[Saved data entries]
►

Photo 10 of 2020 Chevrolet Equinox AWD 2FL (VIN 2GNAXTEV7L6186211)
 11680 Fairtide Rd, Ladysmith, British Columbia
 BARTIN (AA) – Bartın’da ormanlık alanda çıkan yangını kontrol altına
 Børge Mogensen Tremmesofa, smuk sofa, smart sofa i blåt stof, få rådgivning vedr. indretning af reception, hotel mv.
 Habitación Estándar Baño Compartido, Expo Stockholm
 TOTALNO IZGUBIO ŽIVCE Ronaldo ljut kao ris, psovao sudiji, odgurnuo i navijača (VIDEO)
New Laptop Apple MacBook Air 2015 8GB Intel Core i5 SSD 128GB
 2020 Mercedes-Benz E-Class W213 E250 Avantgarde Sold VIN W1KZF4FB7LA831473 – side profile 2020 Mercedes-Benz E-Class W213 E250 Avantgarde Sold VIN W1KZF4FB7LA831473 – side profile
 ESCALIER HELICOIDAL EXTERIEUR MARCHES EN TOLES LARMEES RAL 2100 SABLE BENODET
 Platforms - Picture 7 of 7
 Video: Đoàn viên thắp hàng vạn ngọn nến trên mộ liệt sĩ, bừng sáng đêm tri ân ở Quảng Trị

◄

[Your goal]
Set every entry down once more, exactly as written above.

[Result of the task]
Photo 10 of 2020 Chevrolet Equinox AWD 2FL (VIN 2GNAXTEV7L6186211)
 11680 Fairtide Rd, Ladysmith, British Columbia
 BARTIN (AA) – Bartın’da ormanlık alanda çıkan yangını kontrol altına
 Børge Mogensen Tremmesofa, smuk sofa, smart sofa i blåt stof, få rådgivning vedr. indretning af reception, hotel mv.
 Habitación Estándar Baño Compartido, Expo Stockholm
 TOTALNO IZGUBIO ŽIVCE Ronaldo ljut kao ris, psovao sudiji, odgurnuo i navijača (VIDEO)
New Laptop Apple MacBook Air 2015 8GB Intel Core i5 SSD 128GB
 2020 Mercedes-Benz E-Class W213 E250 Avantgarde Sold VIN W1KZF4FB7LA831473 – side profile 2020 Mercedes-Benz E-Class W213 E250 Avantgarde Sold VIN W1KZF4FB7LA831473 – side profile
 ESCALIER HELICOIDAL EXTERIEUR MARCHES EN TOLES LARMEES RAL 2100 SABLE BENODET
 Platforms - Picture 7 of 7
 Video: Đoàn viên thắp hàng vạn ngọn nến trên mộ liệt sĩ, bừng sáng đêm tri ân ở Quảng Trị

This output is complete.